Schon 14 Tage vorher hatte ich einen Teilausfall der Teichbeleuchtung zu beklagen, hier wurde fein säuberlich ein Leitungsstrang auf 10 cm angenagt und durchtrennt. Da die Spannung nur 
12 V beträgt hatte das Mäuschen noch Glück, bei 230 V hätte es anders ausgehen können. 

In die gefundenen Gänge habe ich übrigens Hundekot eingebracht, schaun wir mal ob es was bringt.


----------



## lollo (9. Nov. 2011)

*AW: Mausschaden*

Hallo,

leider war das nicht der einzige Schaden, zwei weitere Löcher folgten.

Hier an einer ganz anderen Stelle wiederum ein Loch.
 

Und dieses folgte dann ca. einen halben Meter daneben.
 

Das ganze passierte natürlich nicht alles gleichzeitig, sondern zeitversetzt an verschiedenen Tagen, wie an dem Erstellungsdatum der Bilder zu erkennen ist. Die PVC Folie habe ich von beiden Seiten großflächig geklebt, und hinter der Folie bis zu deren Oberkante einen Speisgürtel von ca. 5 cm angebracht.

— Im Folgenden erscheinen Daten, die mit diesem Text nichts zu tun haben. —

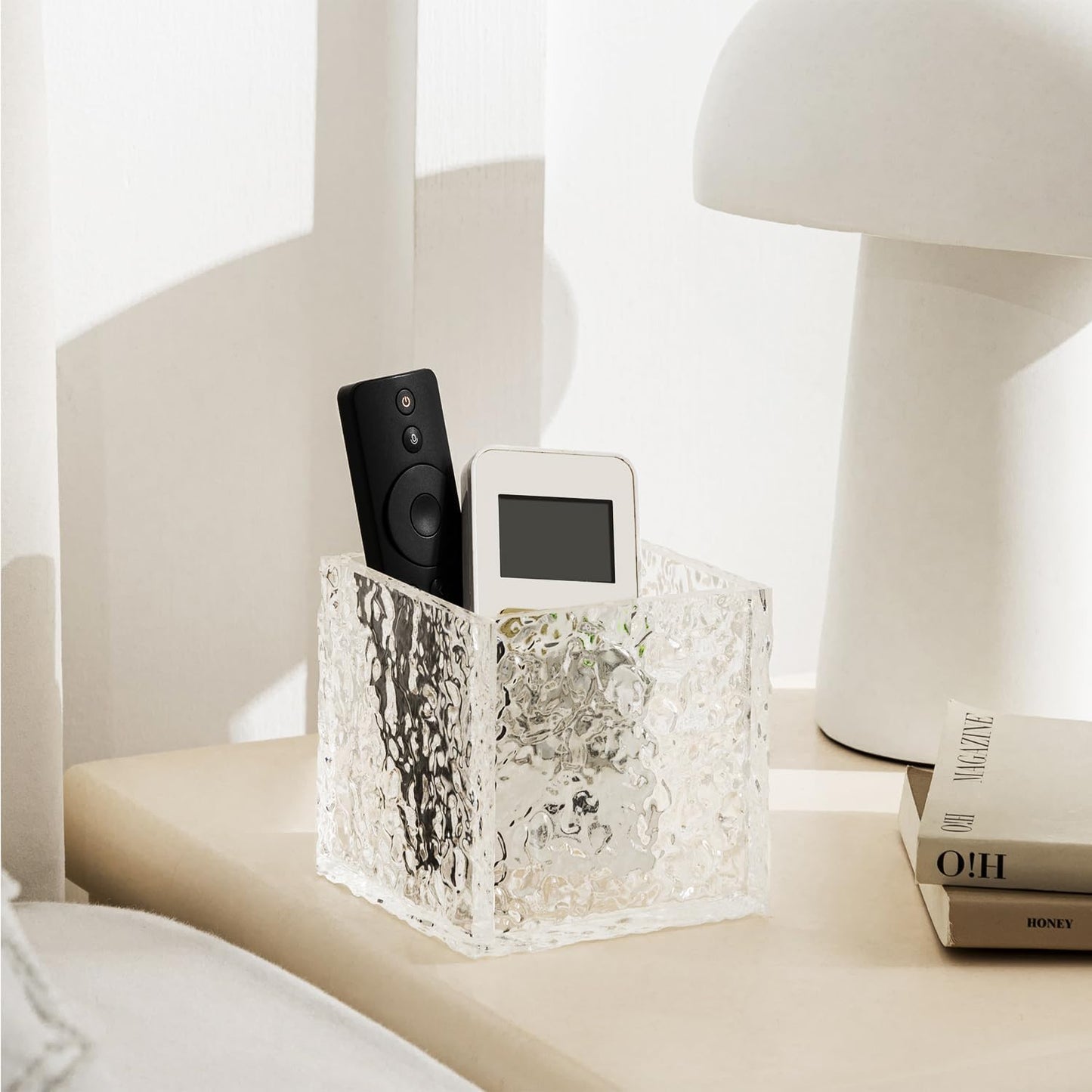 Remote Control Holder, Acrylic Desk Organizer Stone Texture TV Remote Holder Cosmetic Storage Box Modern Remote Organizer Remote Storage Box for Home Office School.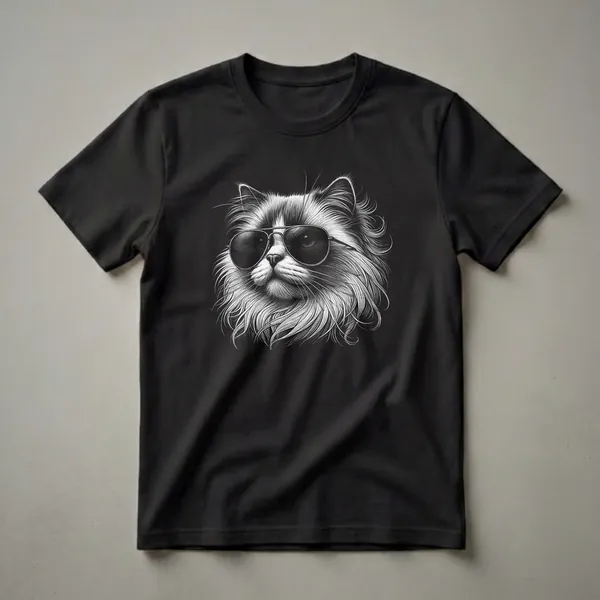 Black and white graphic t-shirt featuring a detailed sketch of a Ragdoll cat wearing black aviator sunglasses.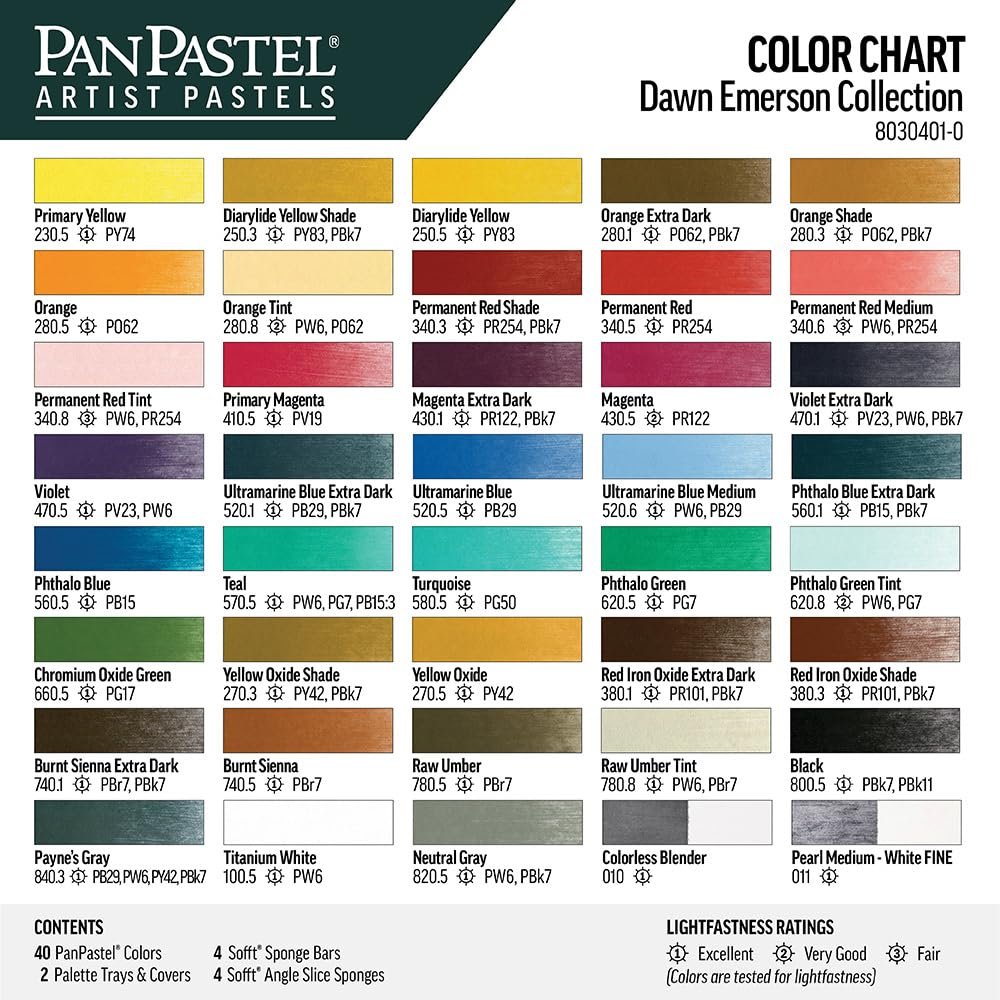 PanPastel Artist Pastels by GOLDEN, Dawn Emerson Collection Set, 40 Color, Professional Artist Pastels, Unique Pan Format (cake-like)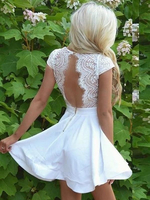 Bridelily ALine Vneck Lace Satin Short Sleeves ShortMini Dresses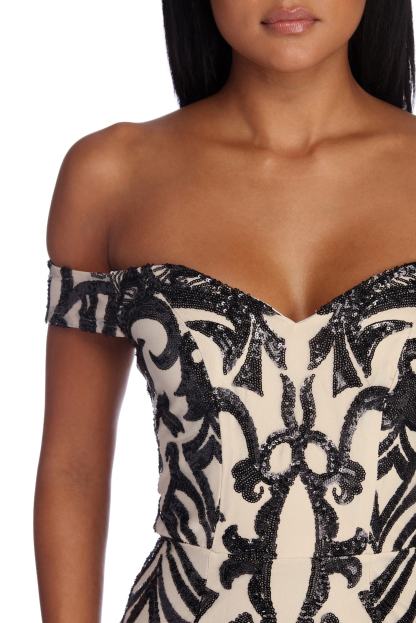 Monica Sequin Scroll Formal Dress - Lady Occasions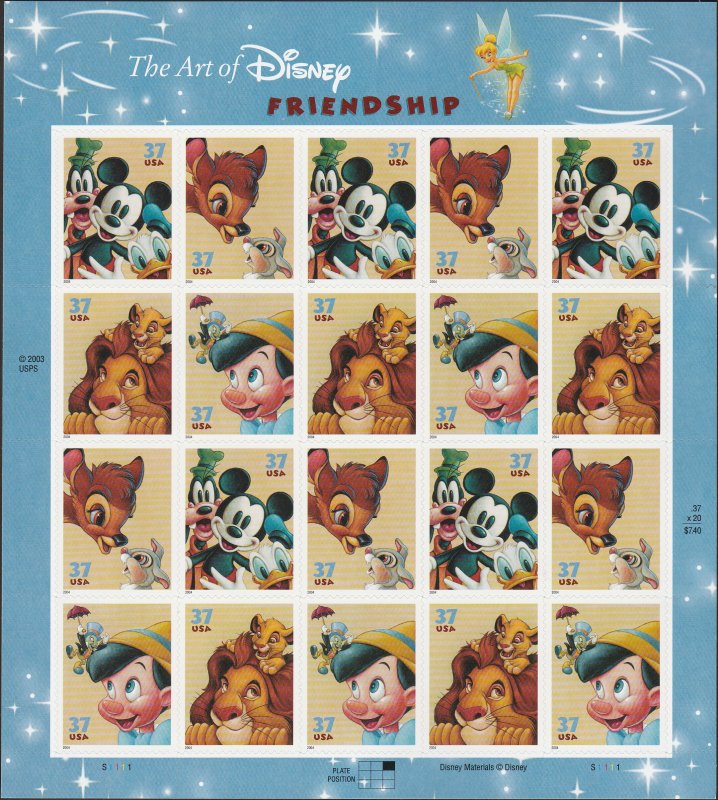 # 3865-3868 MINT NEVER HINGED ( MNH ) DISNEY FRIENDSHIP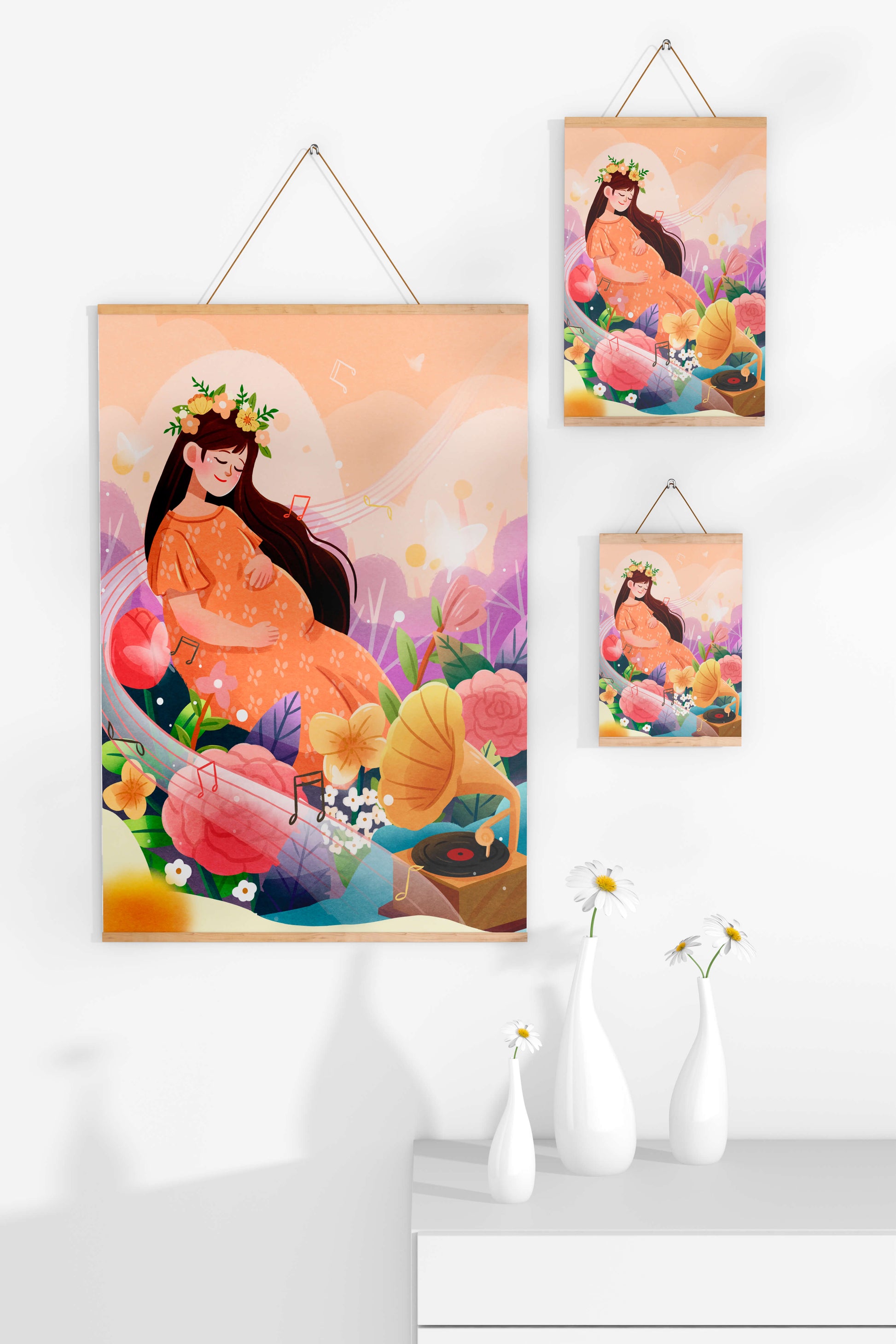 Woman in nature with flowers and musical notes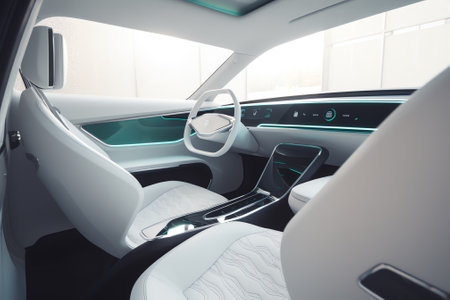 Modern luxury car interior. Interior of prestige modern car. Steering wheel and dashboard. White leather seatsの素材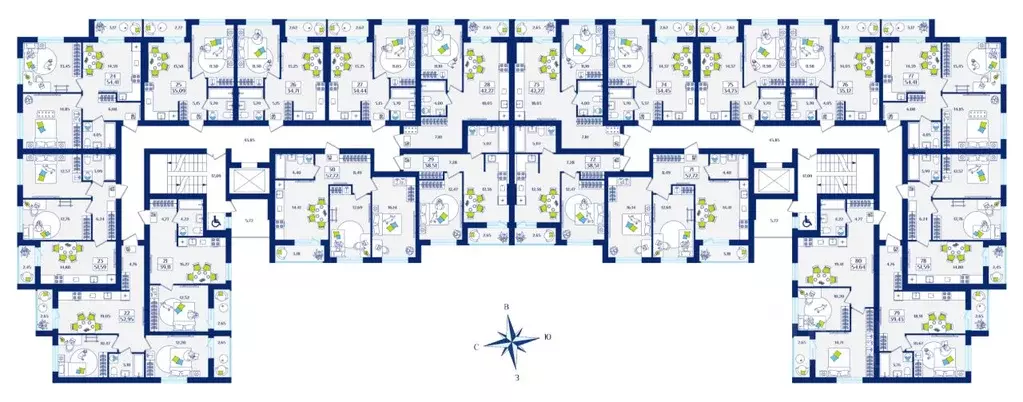 2-к кв. Калининградская область, Зеленоградск  (54.41 м) - Фото 1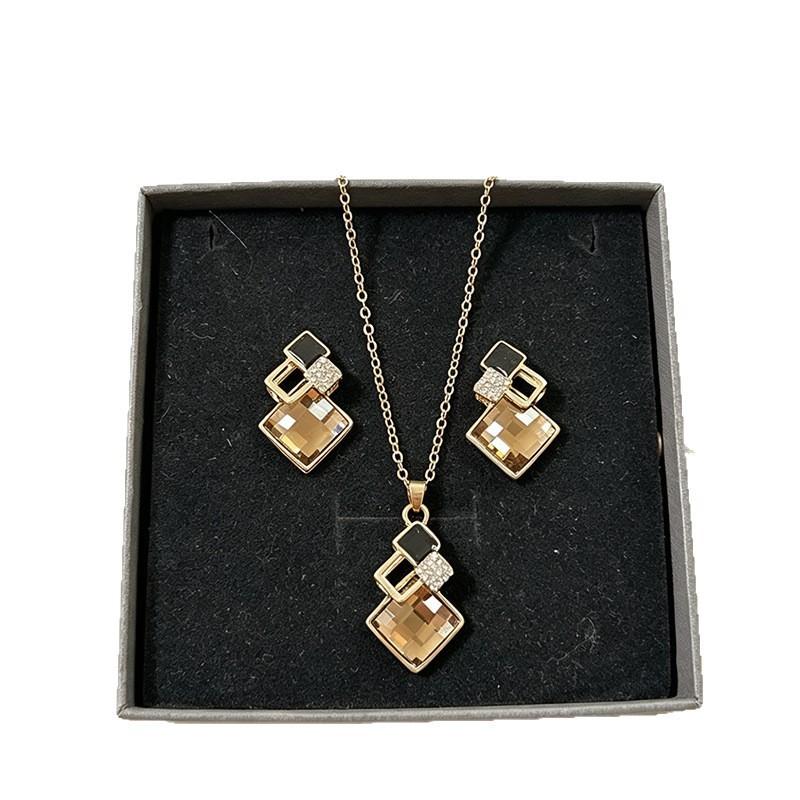 Geometric Alloy Necklace Earring Set With Cubic Zirconia For Daily Fashion Women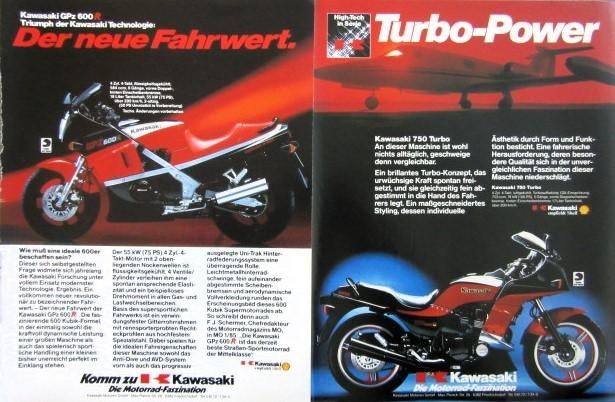 22 vintage reclames Kawasaki motorfiets 77-87 motor motoren, Ophalen of Verzenden, Gebruikt, Motoren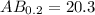 Mathematical equation: $AB_{0.2}=20.3$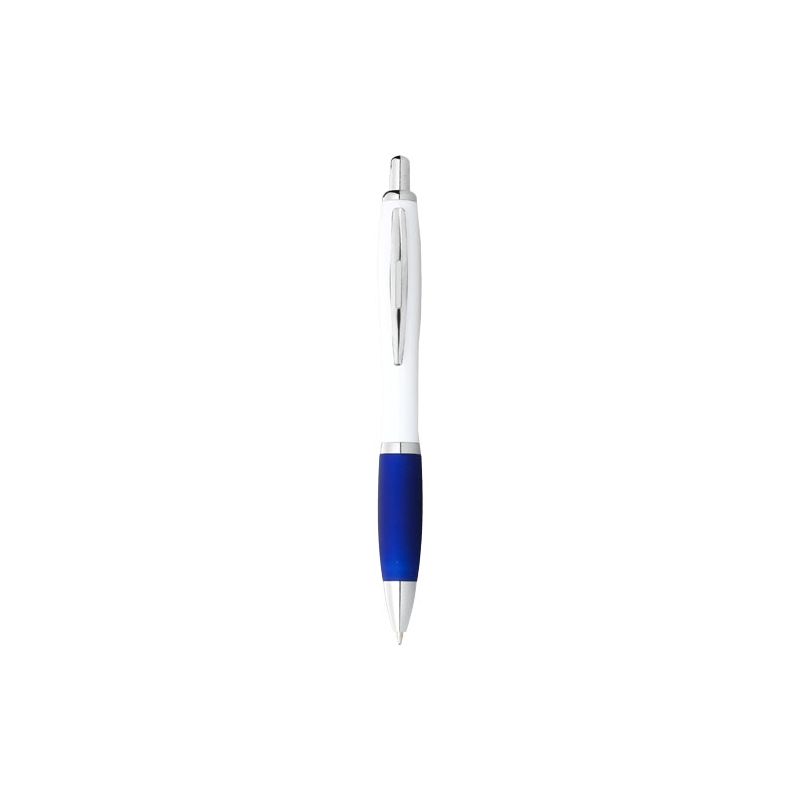 Bolígrafo blanco con agarre de color "Nash" (tinta azul)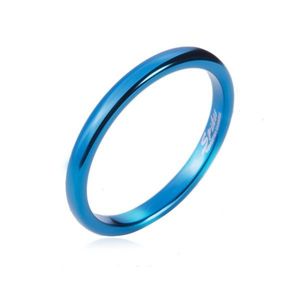 Inel din tungsten - inel albastru neted, rotunjit, 2 mm - Marime inel: 47 imagine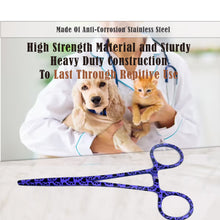 Load image into Gallery viewer, Dog Cat Ear Cleaning Forceps 5.5" STR Pet Hair Pulling Clamp Tweezers Grooming, PURPLE Paws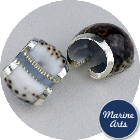 8268-P18 - Silver Edge Napkin Ring - Tiger Cowrie (2 Pack)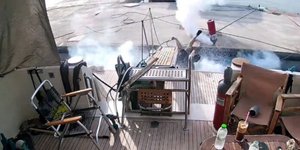 Η στιγμή του ατυχήματος στο λιμάνι του Βόλου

Wie man an der Fraßpuren erkennen kann, fängt die Maus am oberen Rand an zu knabbern, und wird dann immer größer mit dem Loch.

Fakt:
In nunmehr seit über 40 Jahren habe ich an verschiedenen Orten immer einen Teich besessen, aber nie Probleme mit Mäusen gehabt. (einmal ist es immer das erste mal)
Aus diesen Gründen empfehle ich beim Bau eines Teiches nicht nur darauf zu achten das die Folie als Abschluss zur Landseite hin hoch zu stehen hat, sondern sie sollte gegen solche Fressfeinde noch durch geeignete Mittel gesichert werden.
Wusste gar nicht das Mäuse auf PVC stehen.


----------



## guenter (9. Nov. 2011)

*AW: Mausschaden*

Hallo Lollo,

kann mir nicht vorstellen, dass das von einer Maus sein soll.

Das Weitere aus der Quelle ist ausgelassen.